In the same post, Gates also discussed the challenges that Artificial Intelligence poses, warning that the technology could disrupt the job market and be misused by “bad actors” if more attention isn’t paid to how it’s developed, governed, and deployed.
At the same time, Gates has championed AI adoption. The foundation was among a coalition of funders that last July pledged to offer $1 billion in grants and investments to help develop AI tools for public defenders, social workers, and other frontline workers in the United States over the next 15 years. And, Suzman noted, AI is one of the foundation’s portfolio areas that will continue to expand.
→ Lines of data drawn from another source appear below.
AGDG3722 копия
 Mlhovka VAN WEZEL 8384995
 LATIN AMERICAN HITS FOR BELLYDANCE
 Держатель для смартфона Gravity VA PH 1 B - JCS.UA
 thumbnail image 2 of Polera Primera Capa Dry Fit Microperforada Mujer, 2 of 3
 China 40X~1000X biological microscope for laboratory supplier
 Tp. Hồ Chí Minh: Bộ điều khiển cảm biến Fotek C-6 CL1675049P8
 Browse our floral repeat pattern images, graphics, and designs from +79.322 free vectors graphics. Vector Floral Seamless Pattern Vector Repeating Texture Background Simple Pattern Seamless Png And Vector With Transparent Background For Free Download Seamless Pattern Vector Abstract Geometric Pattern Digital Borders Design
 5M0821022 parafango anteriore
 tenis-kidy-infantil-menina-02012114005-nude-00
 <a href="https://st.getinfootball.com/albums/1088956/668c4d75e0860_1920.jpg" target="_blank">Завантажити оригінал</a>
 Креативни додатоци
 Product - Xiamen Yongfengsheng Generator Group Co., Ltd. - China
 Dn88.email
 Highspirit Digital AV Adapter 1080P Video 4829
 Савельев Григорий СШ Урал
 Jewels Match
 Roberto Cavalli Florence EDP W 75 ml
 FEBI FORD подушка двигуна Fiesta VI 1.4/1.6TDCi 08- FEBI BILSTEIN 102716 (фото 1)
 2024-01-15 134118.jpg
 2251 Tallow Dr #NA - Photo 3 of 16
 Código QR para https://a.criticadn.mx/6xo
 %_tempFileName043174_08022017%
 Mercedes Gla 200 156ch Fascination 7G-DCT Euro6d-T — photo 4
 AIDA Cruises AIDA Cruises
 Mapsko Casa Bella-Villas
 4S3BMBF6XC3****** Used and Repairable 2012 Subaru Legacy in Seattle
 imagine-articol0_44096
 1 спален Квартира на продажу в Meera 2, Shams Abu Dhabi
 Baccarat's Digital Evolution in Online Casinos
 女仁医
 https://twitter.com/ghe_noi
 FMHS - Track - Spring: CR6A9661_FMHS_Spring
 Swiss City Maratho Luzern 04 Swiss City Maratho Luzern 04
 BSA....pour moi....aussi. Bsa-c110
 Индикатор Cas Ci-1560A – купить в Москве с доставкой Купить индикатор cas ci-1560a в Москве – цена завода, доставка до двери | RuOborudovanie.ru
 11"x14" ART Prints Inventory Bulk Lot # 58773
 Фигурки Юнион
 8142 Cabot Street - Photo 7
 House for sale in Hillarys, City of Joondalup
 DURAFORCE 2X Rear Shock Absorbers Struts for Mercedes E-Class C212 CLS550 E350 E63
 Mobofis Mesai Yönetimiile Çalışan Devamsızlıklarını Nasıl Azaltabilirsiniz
The foundation also is expanding its footprint in India and Africa. Earlier this week, it announced the creation of a new Africa and India Offices Division that will be led by Ankur Vora, who has worked at the foundation since 2013 and served as an adviser to Gates and Suzman including on the 2045 closure plan.
Suzman said the development of a staff reduction strategy will coincide with the previously announced wind-down of early learning solutions in the United States by 2029 and the shuttering of the inclusive financial systems, two programs that will have met their goals within the next five years, foundation leaders believe. Staff on the HIV and tuberculosis teams at Gates Foundation headquarters in Seattle also will be downsized as that work largely shifts to offices in Africa, he said.
20 More Years to Go
Even as it reduces its staff size, the foundation will continue to hire selectively for key roles it needs to advance its mission, Suzman said. When asked if the planned layoffs might affect efforts to recruit and retain talent, Suzman noted that the quality and quantity of applications for open roles has actually increased since the foundation announced it would close.
“I think people have been energized by the vision, and that’s really encouraging to see,” he said.
Suzman said that despite setting a date for the foundation to sunset, he continues to remind people internally and externally that 20 years is still a significant amount of time for the Gates Foundation to operate and make an impact.
“We are moving into what I believe is going to be the most impactful period of the Gates Foundation in its history,” he said. “We’ve learned a huge amount over the last quarter century. We’ve built expertise, credibility, and partnerships. We now have a set of goals that are allowing us to focus with greater intentionality.